Exercise directions: Everything in the listing should be transcribed exactly, apart from the pictures.

Information supplied:
========
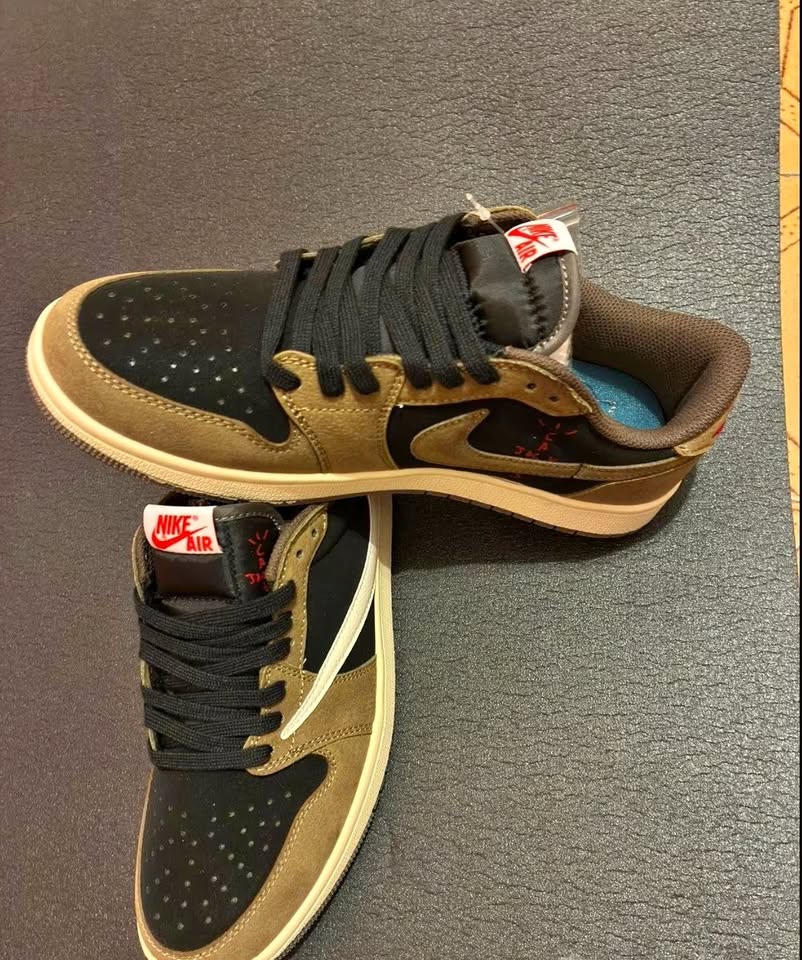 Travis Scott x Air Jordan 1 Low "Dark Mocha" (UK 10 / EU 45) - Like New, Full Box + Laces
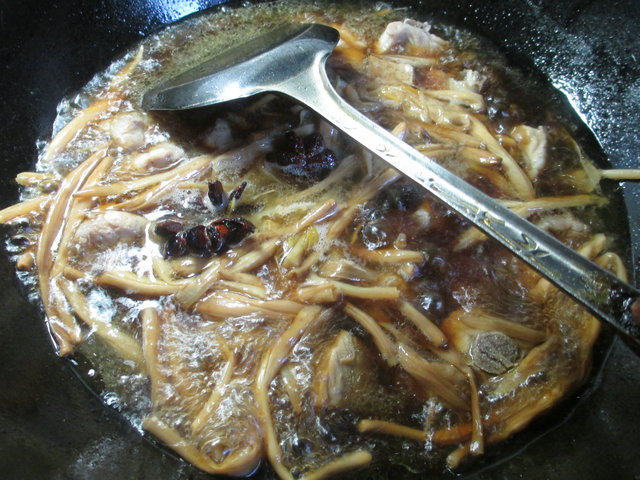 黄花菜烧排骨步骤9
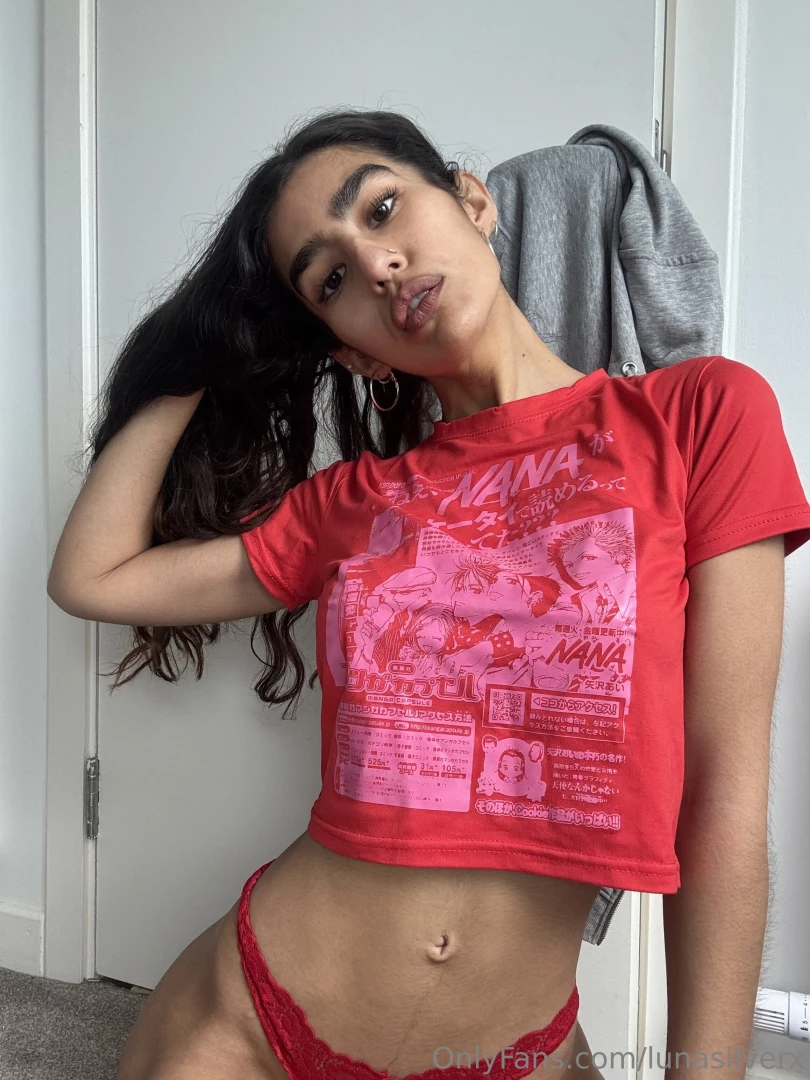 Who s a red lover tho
========
Exercise output:
 Travis Scott x Air Jordan 1 Low "Dark Mocha" (UK 10 / EU 45) - Like New, Full Box + Laces
 黄花菜烧排骨步骤9
 Who s a red lover tho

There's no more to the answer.